▶ **REQUIRED ACTION**: The expected output is every line of the data exactly as shown, minus the images.

▶ **INFORMATION SUPPLIED**:
<<<<
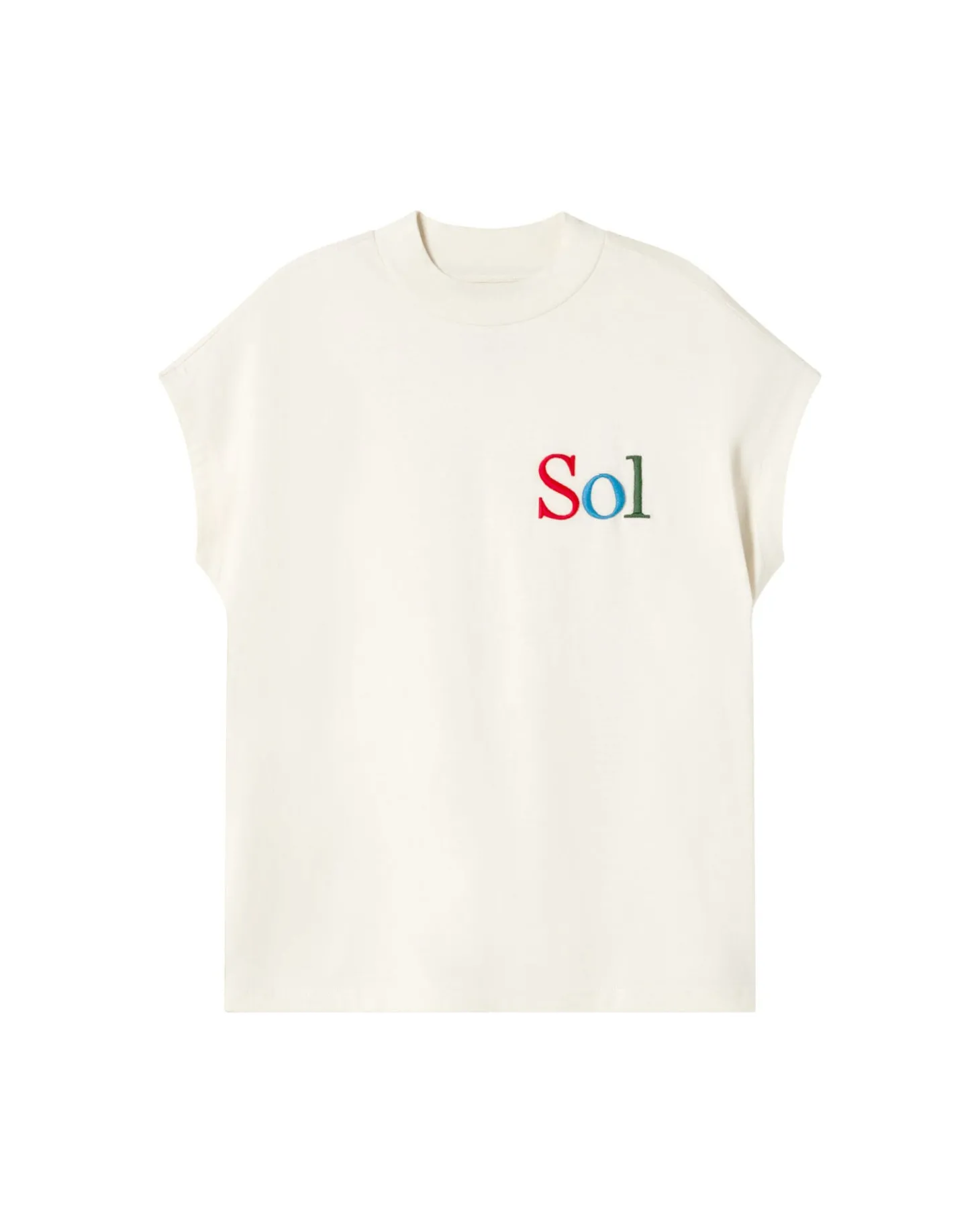T-shirt blanc brodée sol type Volta
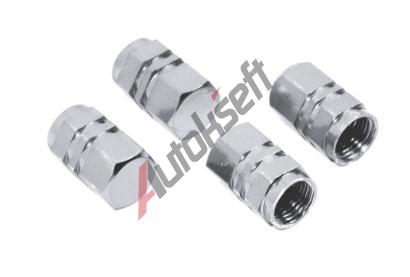 Compass Ozdobn kryty ventilk - stbrn, sada 4ks DO 32330, 32330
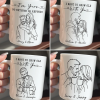 Custom Photo Mug - Personalized Anniversary Wedding Gifts For Husband And Wife, Him And Her - Growing Old Side By Side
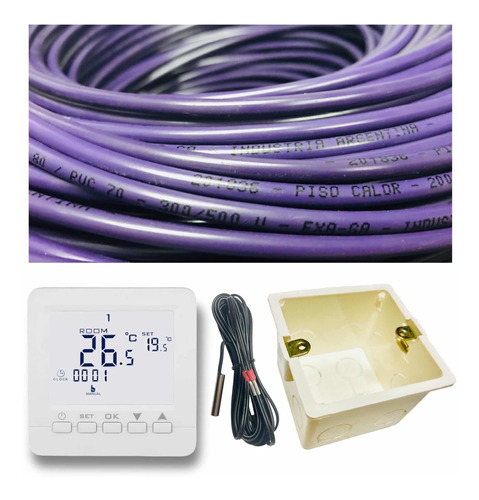 Cable Calefactor 1750w C/termostato Digital Para 15 M2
>>>>
▶ **RESPONSE TO THIS EXERCISE**:
T-shirt blanc brodée sol type Volta
 Compass Ozdobn kryty ventilk - stbrn, sada 4ks DO 32330, 32330
 Custom Photo Mug - Personalized Anniversary Wedding Gifts For Husband And Wife, Him And Her - Growing Old Side By Side
 Cable Calefactor 1750w C/termostato Digital Para 15 M2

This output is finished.